The gold price rose on Friday (September 22) after taking a fall earlier this week.
Safe-haven demand caused by heightened tensions between the US and North Korea pushed the yellow metal up to $1,294.49 per ounce as of 12:00 p.m. EST Friday morning. It hit a four-week low of $1,287.61 during the previous session.
After US President Donald Trump vowed to destroy North Korea if provoked, the country said it might test a hydrogen bomb over the Pacific Ocean. North Korean leader Kim Jong Un called Trump “mentally deranged” and promised to make him pay for his threats.
“Gold took quite a beating after the U.S. Federal Reserve meeting but now the market got the news about North Korea and now investors are moving back in gold,” Danske Bank (CPH:DANSKE) analyst Jens Pedersen told Reuters.
The Fed wrapped up a two-day meeting on Wednesday (September 20). The central bank did not raise interest rates, but indicated that it plans to do so one more time in 2017 and three times in 2018.

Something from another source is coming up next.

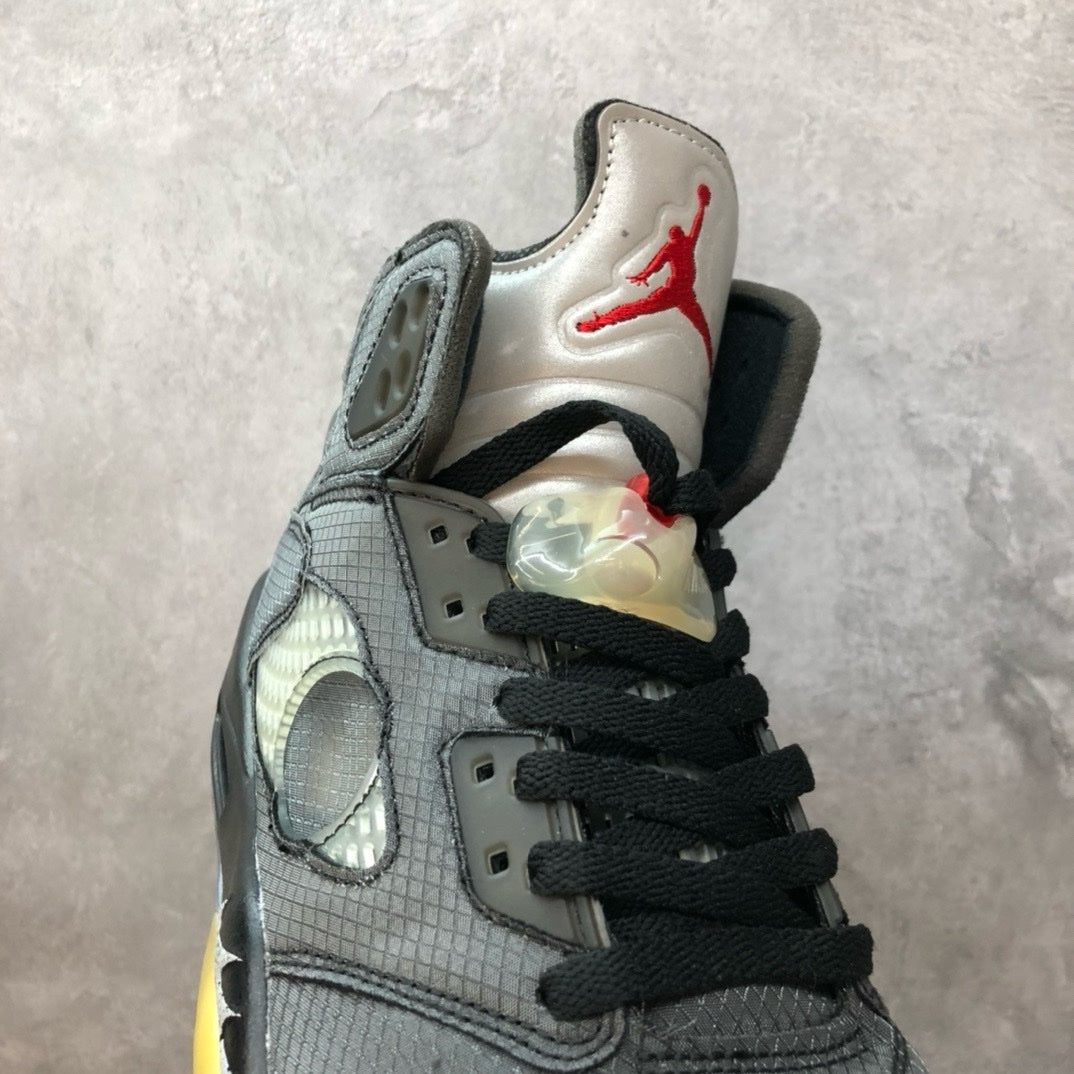 SNEAKERS AIR JORDAN 5 OFF WHITE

The gold price retreated under the $1,300 mark on the back of the news, and many market watchers anticipate continued pressure for the precious metal in the coming months. When interest rates are higher, the investment appeal of non-yielding assets like gold tends to decrease.

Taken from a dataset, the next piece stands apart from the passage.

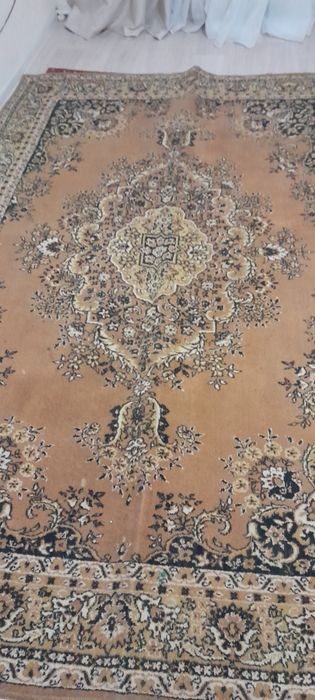 Ковры шерстяные, советские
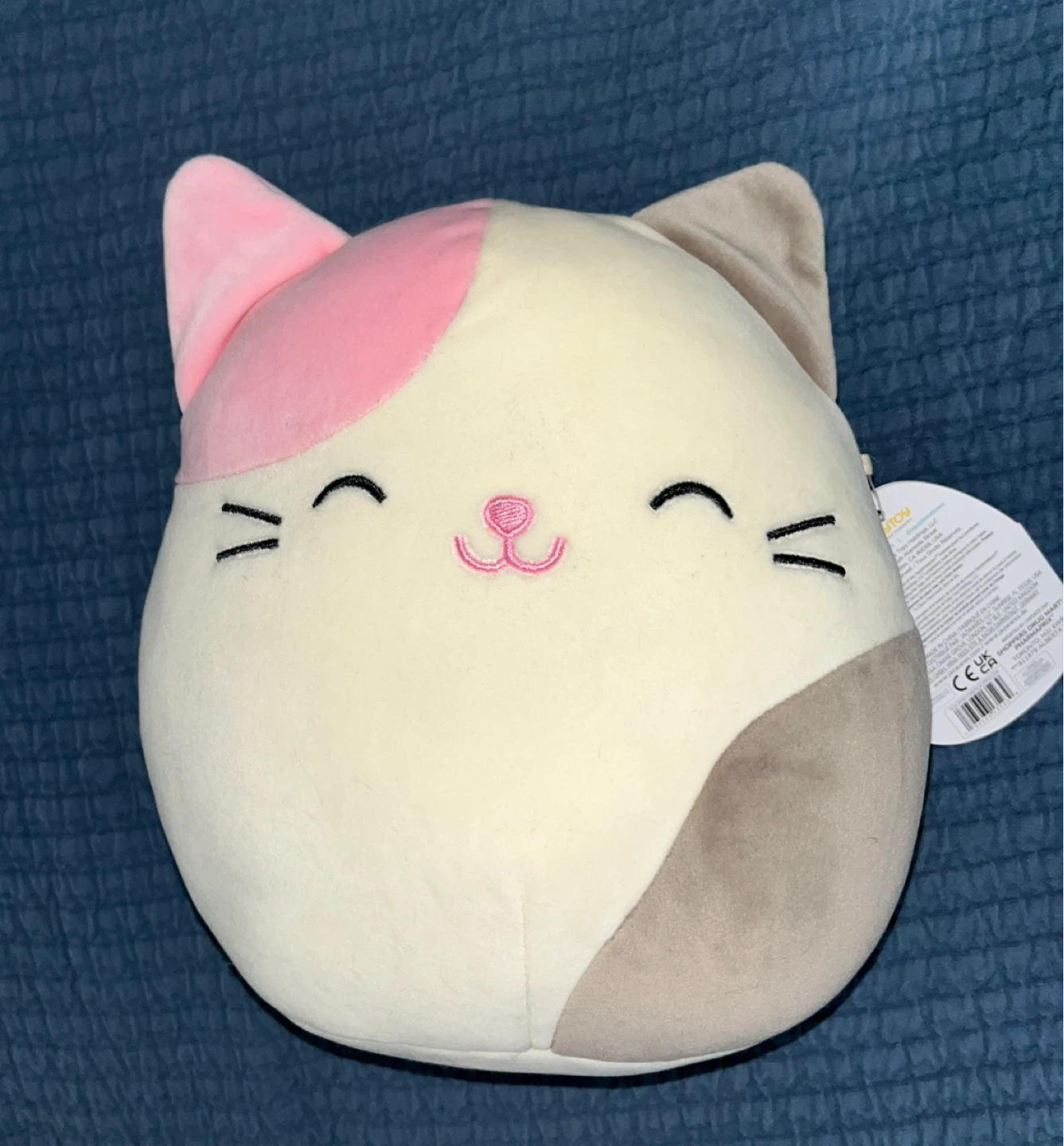 🆕Squishmallows Karina Cat Plush Toy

Looking over to silver, the white metal saw similar price action this week. Like gold, it retreated after the Fed meeting, but saw its performance improve slightly on Friday. As of 12:00 p.m. EST that day silver was changing hands at $16.93 per ounce.

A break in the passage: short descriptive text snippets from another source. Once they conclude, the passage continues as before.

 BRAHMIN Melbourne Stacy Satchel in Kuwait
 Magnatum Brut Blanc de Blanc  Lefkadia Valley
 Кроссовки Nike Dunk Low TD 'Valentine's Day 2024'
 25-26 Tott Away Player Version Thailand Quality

Copper also suffered after the central bank met this week, sinking to a one-month low of $6,427.50 per tonne on Thursday (September 21). Experts have varied opinions on how the base metal will fare moving forward, and some have suggested that its rally this summer was “overhyped.”
Finally, oil prices put on a mixed performance on Friday before hanging onto a weekly gain. According to MarketWatch, West Texas Intermediate crude for November delivery rose a cent to reach $50.56 per barrel on the NYMEX, while November Brent crude closed at $56.81 per barrel on the ICE Futures Europe exchange — that’s its highest level since late February.
In a Friday meeting in Vienna, OPEC and other major oil producers said that their efforts to clear the global oil supply glut are seeing success. OPEC and its allies have reduced their output by about 1.8 million barrels a day since the start of the year, and reiterated at this week’s meeting that they are considering extending the deal beyond its March 2018 expiry date.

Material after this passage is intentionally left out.